The Irish duo and their gravity-defying hairstyles are due to join Humperdinck in Baku, Azerbaijan's capital, this week.
But perhaps what Jedward don't realise is that Azerbaijan's human rights record would make your hair stand on end - without hairspray.
The oil-rich nation is steeped in repression, with Amnesty's last annual review of the country producing a catalogue of cases for concern, including intimidation and wrongful imprisonment of journalists, political activists, students and bloggers.
Azerbaijan won the right to host Eurovision by winning last year's event in Germany with the love song Running Scared.
But it is journalists and government critics who are running scared in the country, as Ilham Aliyev, who succeeded his father to the presidency, clamps down on dissent.
The government of Azerbaijan wants to use Eurovision to showcase the nation, yet as Bahrain found recently with its Formula 1 Grand Prix, international events can just as easily be used by citizens to draw global attention to internal repression.
Holding Eurovision in Baku lends a glittery legitimacy to the government, which deserves to be in the limelight for different reasons.
In recent months Amnesty International has documented how Azerbaijani authorities have targeted individuals for their journalistic work, or peaceful activism.
There was the case last year of government critic Eynulla Fatullayev, a newspaper editor, who was sentenced to eight and a half years in prison on a creative collection of charges including 'terrorism, defamation, and drug possession'.
He got off comparatively lightly. His colleague, Elmar Huseynov, had been shot dead a couple of years earlier by unknown gunmen. The police have failed to investigate the murder, which many believe was ordered by someone at the top of government.
His widow, Rushana Huseynova, has been forced to flee the country after trying to look into why her husband died. She now lives as a refugee in Norway.
During the last election, there were incidents of reporters being kicked out of polling stations and held by police for trying to record examples of vote-rigging.
In recent months, Amnesty has documented how Azerbaijani authorities have repeatedly targeted journalists and activists.
In March, investigative journalist Khadija Ismayilova received a letter threatening the publication of intimate pictures of her if she did not abandon her work. When she refused and exposed the blackmail attempt, a video of her having sex was posted on a fake mirror website of Azerbaijan's main opposition party. Last month, state employees and police beat up journalist Idrak Abbasov while he was reporting on a forced eviction on the outskirts of Baku.
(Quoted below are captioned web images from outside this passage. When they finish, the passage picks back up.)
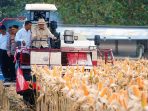 Panen raya jagung oleh Presiden Prabowo Subianto di Tuban.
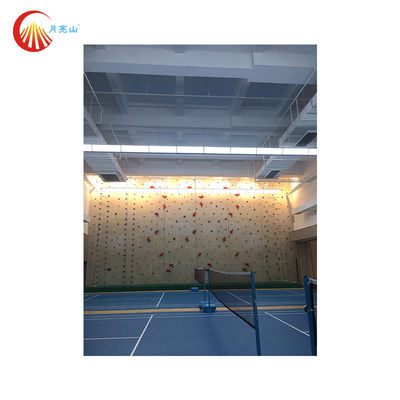 Customized Speed Climbing Holds Resin Rock Climbing Wall Grips For Adult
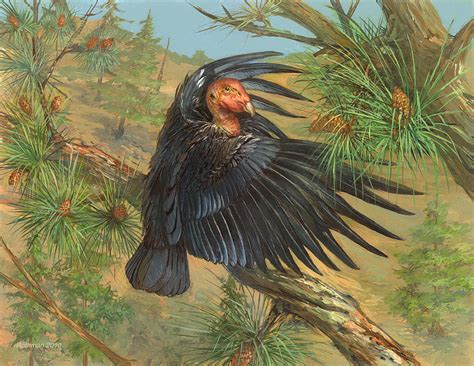 Condor Painting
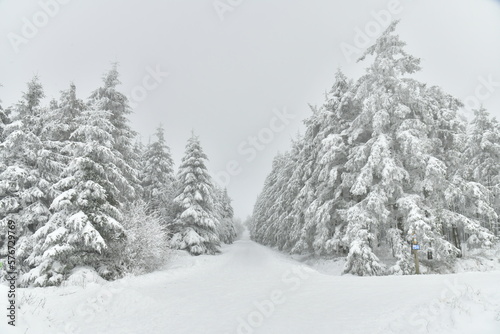 Sapinières parmi les zones de tourbières figées par la neige et le givre au plateau des Hautes Fagnes à Waimes © Photocolorsteph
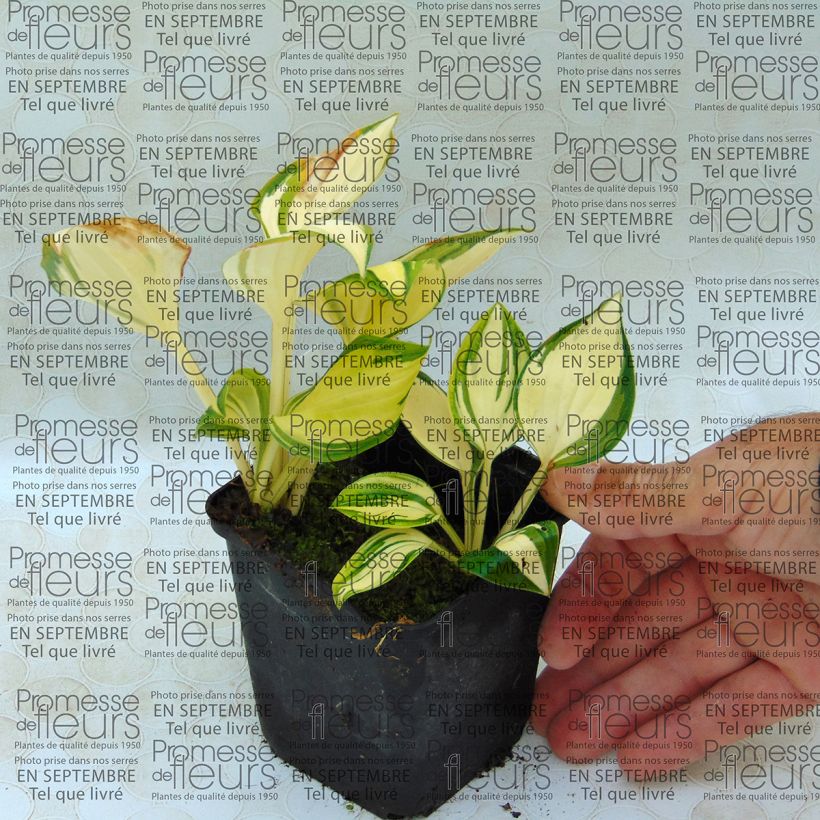 Esempio di esemplare Hosta Warwick Delight Vasetto da 8/9 cm come consegnato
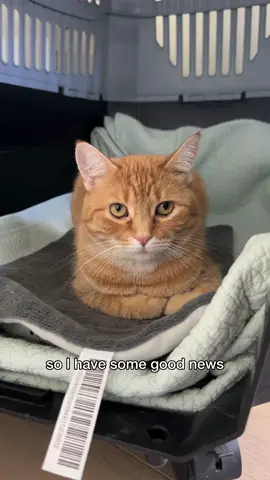 spare human protocol is ✨activated✨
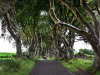 20220707-Dark-Hedges-SSp05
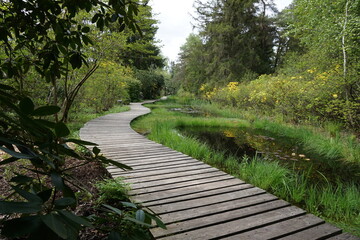 Der Weg ist das Ziel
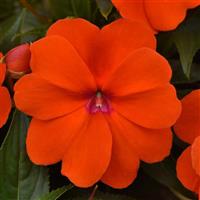 ColorPower™ Orange New Guinea Impatiens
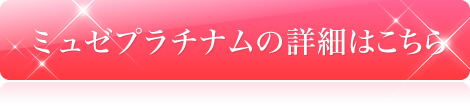 エルセーヌの詳細はこちら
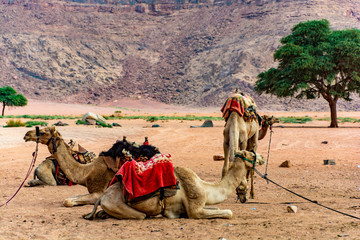 Wadi Rum Jordan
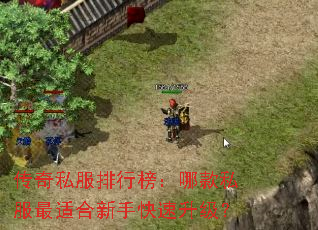 传奇私服排行榜:哪款私服最适合新手快速升级? 传奇私服排行榜:哪款私服最适合新手快速升级?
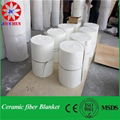 Refractory Materials HP 1260? Ceramic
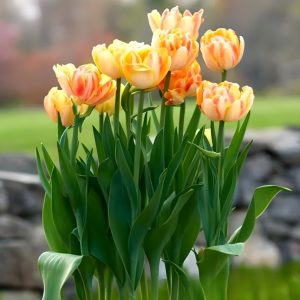 Тюльпан Верона Санрайз купить по цене от 280р. в интернет-магазине «Посадика» с доставкой почтой в в Дивногорске и по всей России – [изображение №1].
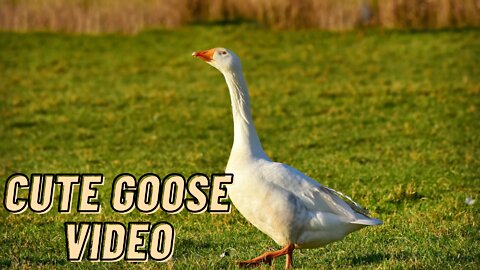 Cute Goose Pet Video By Kingdom Of Awais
And in the last week, police in Baku violently dispersed two separate peaceful protests in the city-centre, detaining 18 opposition activists.
As with previous recent demonstrations, the protesters were calling for the release of prisoners of conscience and an end to restrictions on freedom of expression and freedom of association.
So, while ageing crooner Engelbert and the Jedward brothers exercise their rights to sing cheesy pop songs in Baku, Azeris face an uphill struggle if they exercise their own rights to question their government.
When viewers tune in for Eurovision, the most convincing way for Azerbaijan to present itself as a modern nation would be for the authorities to end their crackdown on freedom of expression.